▶ **DATA EXCERPTS**:
━━━━━━

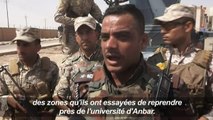 Irak: les jihadistes de l'EI ont été chassés des trois localités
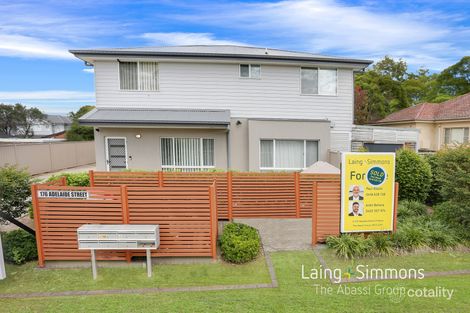 1/176 Adelaide St, St Marys, NSW 2760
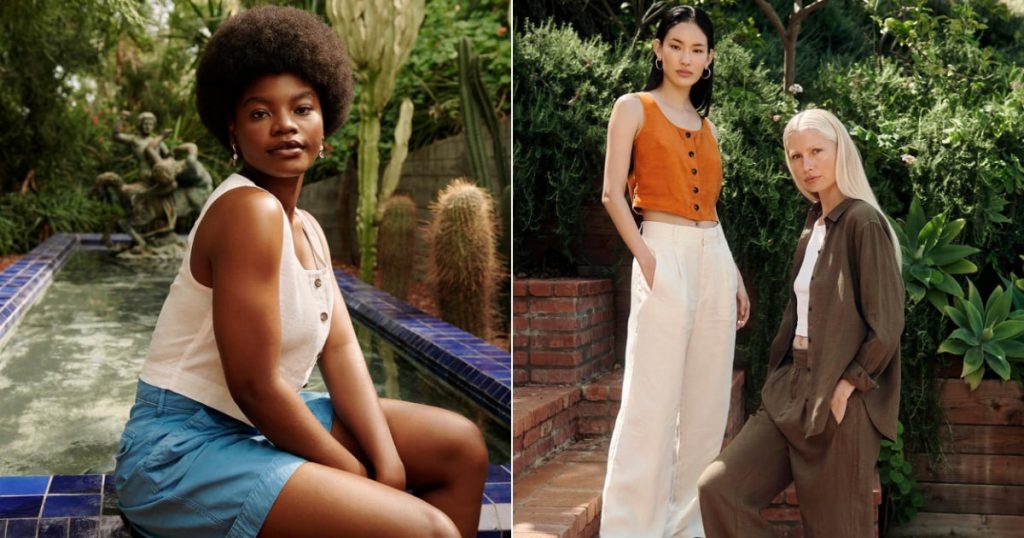 14 Breezy Basics We’re Shopping From Everlane’s Summer Sale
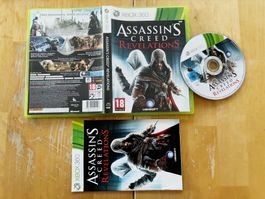 Assassin's Creed Revelations (CIB)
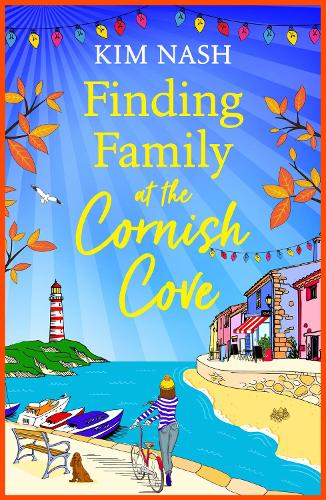 Finding Family at the Cornish Cove - Cornish Cove (Paperback)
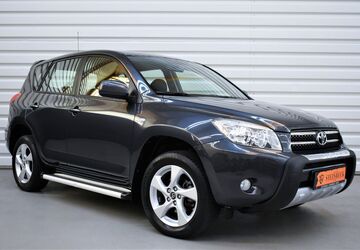 Toyota RAV 4 61.100 km 13.490 &euro; Forst 76694
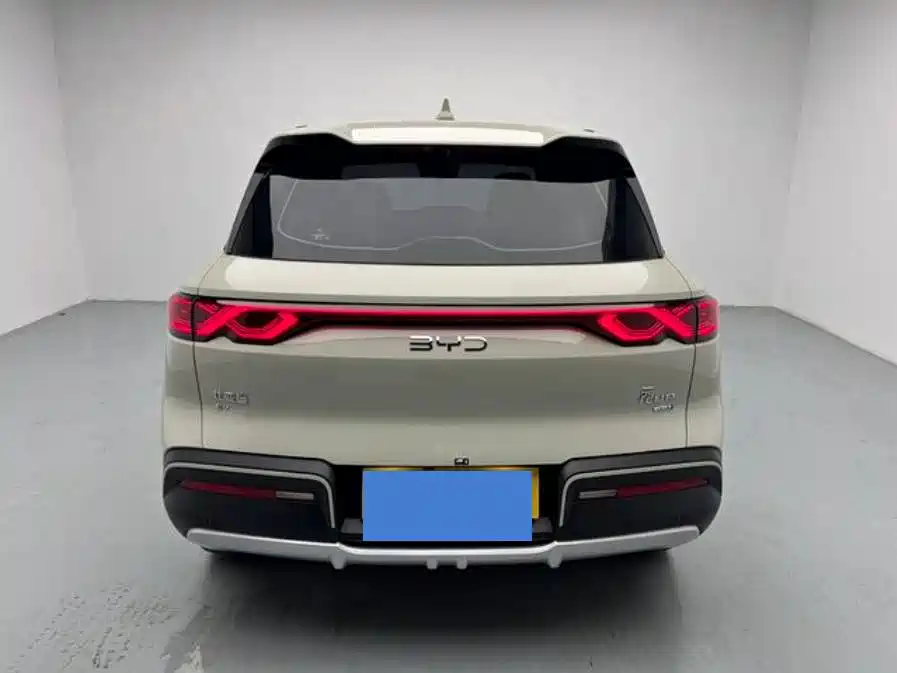 BYD Yuan UP — миниатюра 6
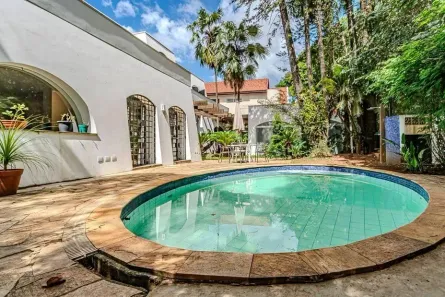 Casa com 4 Quartos à venda, 504m² no Alto de Pinheiros, São Paulo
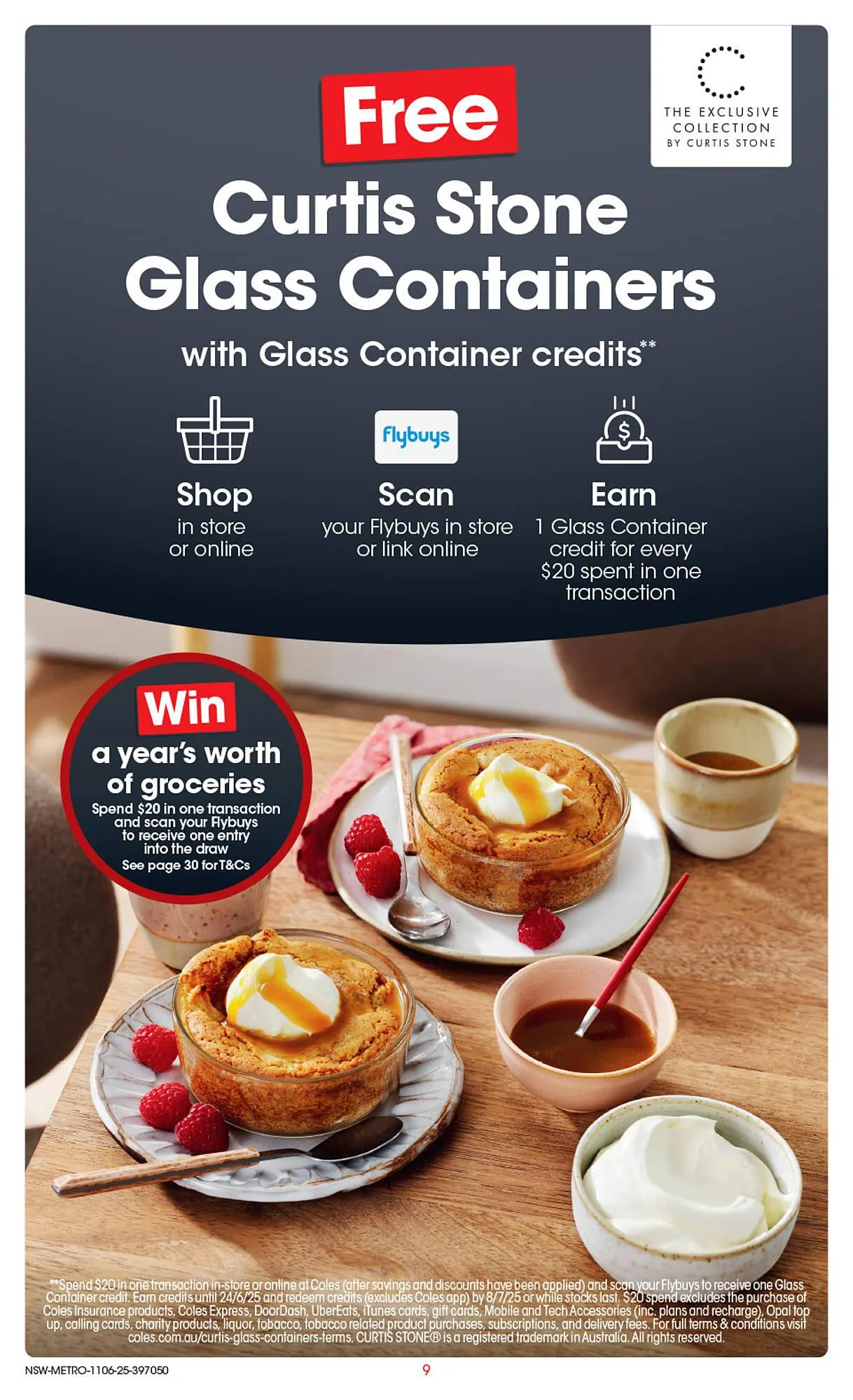 Coles catalogue - Catalogue valid from 11 June to 17 June 2025 - page 10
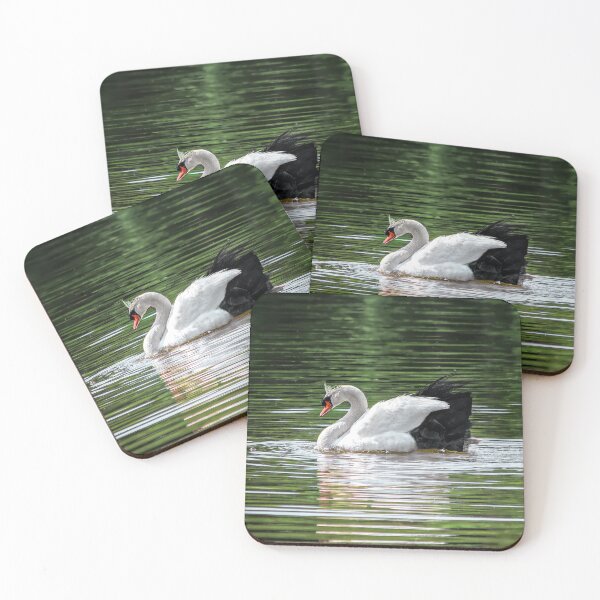 Item preview, White Black Swan Dancer designed and sold by LESLIEDYESIGN.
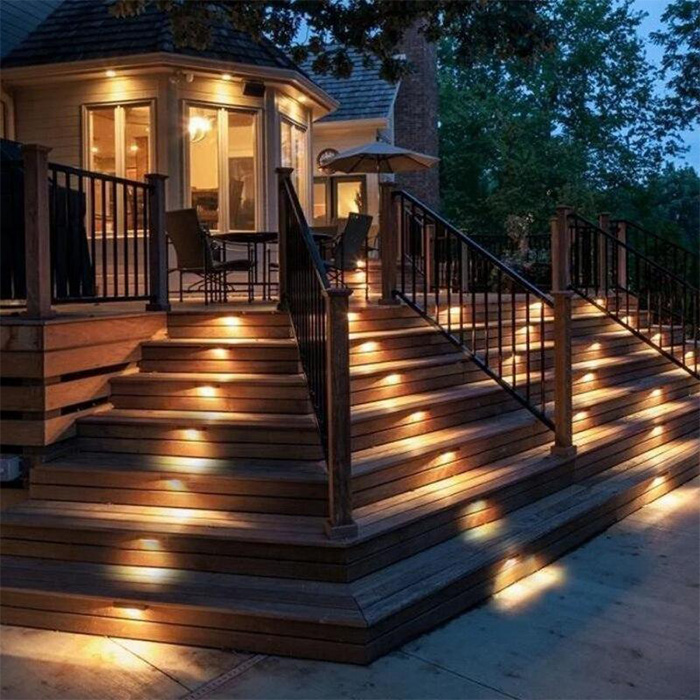 PatioLights, αδιάβροχα ηλιακά φώτα κήπου LED (4 τεμ.) - Image 4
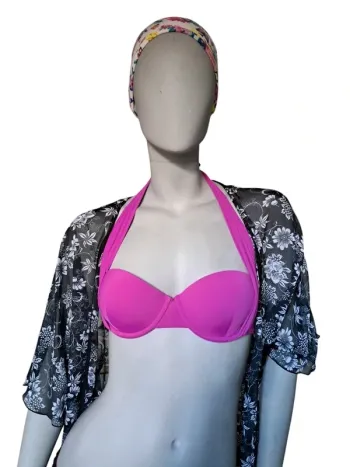 Haut de maillot bain de soleil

━━━━━━

▶ **TASK BRIEF**: Print each line above exactly as it appears, excluding all images.

▶ **TASK ANSWER**:
 Irak: les jihadistes de l'EI ont été chassés des trois localités
 1/176 Adelaide St, St Marys, NSW 2760
 14 Breezy Basics We’re Shopping From Everlane’s Summer Sale
 Assassin's Creed Revelations (CIB)
 Finding Family at the Cornish Cove - Cornish Cove (Paperback)
 Toyota RAV 4 61.100 km 13.490 &euro; Forst 76694
 BYD Yuan UP — миниатюра 6
 Casa com 4 Quartos à venda, 504m² no Alto de Pinheiros, São Paulo
 Coles catalogue - Catalogue valid from 11 June to 17 June 2025 - page 10
 Item preview, White Black Swan Dancer designed and sold by LESLIEDYESIGN.
 PatioLights, αδιάβροχα ηλιακά φώτα κήπου LED (4 τεμ.) - Image 4
 Haut de maillot bain de soleil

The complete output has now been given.